David Lehman, Governor Ned Lamont’s economic development chief, recently proposed that Connecticut’s objective should be to double the population of its cities in 25 years. The notion begs so many questions that I may write a few essays about it.

Let’s start with the most basic question: Really? Are they serious? This state is losing population, at least in the last ten years, and we should plan to double urban population in the next 25? To his credit, Lehman pointed out that doubling in 25 years is only a compound annual growth rate of 3.5% a year, a number that at least seems more doable. Hartford has about 122,000 people; increasing by 3.5% initially would require 5,000 new residents every year.

Where will those people live? Five thousands new residents would require at least 1000 housing units. According to the Hartford Courant, Hartford added 1360 apartments over the last five years – 1000 a year would require Hartford to build four times faster. It’s hard to imagine that kind of sustained building boom in Hartford.

Look at what doubling means in terms of population density: Hartford currently has about 6700 people per square mile. Doubling would mean about 13,500 people per square mile. That would make Hartford among the most densely populated larger cities in the United States – as of 2010, only New York City and San Francisco crammed more people per square mile inside their city limits. No metropolitan area in the United States whose size is similar to greater Hartford has a core city with population exceeding 7,000. The bottom line is that doubling the population of Hartford would create a grotesquely over-populated enclave surrounded by bucolic suburbs.

The numbers are out of whack, of course, for precisely the reason I write these essays. There are no other metropolitan areas in the U.S. with anything like the tiny core city that greater Hartford has. In all other similar-sized metropolitan areas, the large urban residential areas we call Newington, Windsor, Wethersfield, etc. are within the core city limits. Only in greater Hartford and other Connecticut cities are those urban residential areas separate towns.

How about jobs? The only rational way to double the size of the Hartford population would be to increase the number of jobs. If the target is another 122,000 people, I’d guess Hartford would need at least 50,000 new jobs to bring in that many people.

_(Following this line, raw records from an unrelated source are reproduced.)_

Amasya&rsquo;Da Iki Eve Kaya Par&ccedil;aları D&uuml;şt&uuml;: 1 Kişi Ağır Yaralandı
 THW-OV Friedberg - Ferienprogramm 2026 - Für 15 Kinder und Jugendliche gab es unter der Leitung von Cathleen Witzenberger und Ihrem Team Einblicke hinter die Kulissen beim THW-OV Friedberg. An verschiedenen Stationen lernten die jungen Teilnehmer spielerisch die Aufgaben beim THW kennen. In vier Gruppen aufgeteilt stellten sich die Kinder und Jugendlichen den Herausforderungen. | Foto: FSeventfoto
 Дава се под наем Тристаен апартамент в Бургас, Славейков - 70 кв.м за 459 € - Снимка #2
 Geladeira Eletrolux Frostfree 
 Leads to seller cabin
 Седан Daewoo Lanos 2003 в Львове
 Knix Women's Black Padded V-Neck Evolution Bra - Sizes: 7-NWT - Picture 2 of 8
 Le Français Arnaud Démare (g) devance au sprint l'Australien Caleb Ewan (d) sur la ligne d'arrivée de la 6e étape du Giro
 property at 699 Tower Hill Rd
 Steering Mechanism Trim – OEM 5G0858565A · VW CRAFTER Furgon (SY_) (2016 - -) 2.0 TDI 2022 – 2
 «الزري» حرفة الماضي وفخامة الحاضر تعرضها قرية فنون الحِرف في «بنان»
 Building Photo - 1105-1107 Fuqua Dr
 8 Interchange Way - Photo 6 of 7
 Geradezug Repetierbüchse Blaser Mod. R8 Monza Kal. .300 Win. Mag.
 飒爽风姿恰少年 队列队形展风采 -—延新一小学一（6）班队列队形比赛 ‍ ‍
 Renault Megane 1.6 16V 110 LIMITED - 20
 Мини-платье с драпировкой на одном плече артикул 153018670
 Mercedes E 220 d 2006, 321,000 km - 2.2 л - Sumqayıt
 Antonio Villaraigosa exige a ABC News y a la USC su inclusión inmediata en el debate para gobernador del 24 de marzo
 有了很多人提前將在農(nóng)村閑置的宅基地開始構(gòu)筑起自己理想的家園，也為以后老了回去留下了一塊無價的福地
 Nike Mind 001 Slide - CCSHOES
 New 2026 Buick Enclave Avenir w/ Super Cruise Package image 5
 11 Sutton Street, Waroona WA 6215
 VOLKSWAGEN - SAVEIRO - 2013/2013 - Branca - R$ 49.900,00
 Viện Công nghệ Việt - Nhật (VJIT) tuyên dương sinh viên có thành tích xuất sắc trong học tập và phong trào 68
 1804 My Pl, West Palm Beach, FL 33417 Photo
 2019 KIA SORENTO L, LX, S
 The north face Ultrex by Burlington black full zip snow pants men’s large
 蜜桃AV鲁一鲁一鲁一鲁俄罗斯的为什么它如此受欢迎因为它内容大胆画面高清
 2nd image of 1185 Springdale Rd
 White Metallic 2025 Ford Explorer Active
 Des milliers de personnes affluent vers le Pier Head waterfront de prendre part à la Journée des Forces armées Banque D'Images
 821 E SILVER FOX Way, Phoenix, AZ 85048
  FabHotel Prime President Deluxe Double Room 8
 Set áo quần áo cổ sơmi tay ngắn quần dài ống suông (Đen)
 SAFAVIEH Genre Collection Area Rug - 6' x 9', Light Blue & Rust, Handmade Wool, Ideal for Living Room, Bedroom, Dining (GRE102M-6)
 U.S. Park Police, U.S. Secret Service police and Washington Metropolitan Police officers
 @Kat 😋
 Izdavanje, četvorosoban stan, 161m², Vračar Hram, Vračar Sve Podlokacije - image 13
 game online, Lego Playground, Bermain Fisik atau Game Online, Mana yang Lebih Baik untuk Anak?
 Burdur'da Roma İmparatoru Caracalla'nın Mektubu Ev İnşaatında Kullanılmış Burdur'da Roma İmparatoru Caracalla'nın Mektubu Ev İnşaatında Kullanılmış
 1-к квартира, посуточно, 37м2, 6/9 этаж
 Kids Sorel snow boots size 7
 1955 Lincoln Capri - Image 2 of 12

However, we all know that even if there were 50,000 new jobs in Hartford, and even if 122,000 new souls came to the area to take those jobs, only a fraction of them, maybe a third, would live in Hartford. Most of the new Hartford work force would live in the surrounding towns, just as most people who currently work in Hartford do. If Hartford wants 122,000 new citizens, therefore, it needs to create maybe 100,000 new jobs, resulting in 400,000 people moving to our area. That would be enough to double the size of Hartford, and in the process it also would add around 300,000 people to the surrounding towns.

In other words, what Lehman really is talking about, the only thing his challenge really could mean, is that the 350,000+ people in Hartford and the surrounding towns have to become 700,000. We all have to double.

Okay. If you’re like me, your head is spinning with all these numbers. And some of them just seem so preposterous, you’re wondering why I’m even talking about this. After all, 100,000 new jobs sounds like fantasy. A thousand new housing units a year seems absurd. Still, hang in for just a few more paragraphs.

It gets worse. The population of the United States is barely growing. The birth rate is well below the rate necessary to maintain the current population numbers; immigration is all that keeps the population from declining. If the U.S. population isn’t growing, then for Hartford to double, it will have to attract people from other cities. And those cities are planning to grow, too, so they want our residents just like we want theirs. It’s a competition, a competition that we’ve been losing for the past ten or twenty years.

And now, the punch line:

We have to get to work, because absurd as it sounds, David Lehman is right. Growth is the goal, and aggressive growth should be the objective. If our community isn’t growing, it’s falling behind. The future of our country always has been about growth, and if we want greater Hartford to continue to be a great place to live, it has to grow. If it is to grow, greater Hartford must attract employers who bring jobs.

If Lehman is correct, how in heaven’s name is greater Hartford going to attract 100,000 new jobs? I don’t know, exactly, but I know this: Greater Hartford is going to do it only if the entire community does it together. We’re not going to do it by dividing the task into eight sub-tasks and relying on each town to do its sub-task. That is, Hartford can’t, on its own, create 33,000 jobs, West Hartford another 16,000, Wethersfield another 6,000, and so on in proportion to each town’s population. It just won’t happen.

Lehman’s goal requires greater Hartford to transform itself into a new city, a city unlike the one we have today. The game has to change, and at the core of the change has to be a degree of community togetherness that is impossible with eight separate governments. We need to work together, completely together, to reimagine greater Hartford.

I applaud Messrs. Lamont and Lehman, but it isn’t their problem to solve. It’s ours. The state can help, but the change has to start right here.